The kindergarten kids at Bayou View Elementary spent time with a woman who's 100-years-old.
"I don't think you can imagine how it was when I was a little girl," said Callie Davis, when introduced to the combined class of kindergarten kids.
"Miss Callie" helped her young audience imagine by recalling just how different life was back then.
"And we rode in a wagon. And the wagon had a seat up front and the rest of us would sit in the back on a quilt or something. And Daddy drove the horses," said Davis.
Wide eyed children listened as Miss Callie described a time with no cars, no television and no electricity.
"The phone we had was a thing about so big, like this, and it hung on the wall. Then you'd turn the little handle and pick up the receiver. That's the kind of phone we had," she said.
Born October 27th, 1905, she attended school in Perkinston, walking each day to a one room school house.
"Back then, we ate pretty much what we do now. My mother baked biscuits every morning. And we didn't have these that you get in a can. She made then from scratch."

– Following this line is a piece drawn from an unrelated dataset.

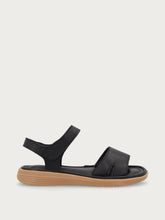 ComfortTech leather sandals - Black | FRAU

Her audience may not understand what "made from scratch means". The difference in their worlds was dramatically emphasized with Miss Callie seated near a giant screen TV. Household items were more functional back then.
"They called them oil lamps. Everybody had to buy kerosene and put in the little base of the lamp. And that's what made the light," she explained.
She shared stories of making cane syrup, milking the cow and visiting the outhouse. Christmas was old fashioned too.
"They went out in the woods and cut a Christmas tree with an axe," said her young friend, Thomas.
After re-living childhood memories, she posed with her new friends, while a most modern digital camera captured one more moment.
Many coast residents would recognize Miss Callie as "the African violet lady". She loves gardening, and for years, sold her flowers along Pass Road in Gulfport.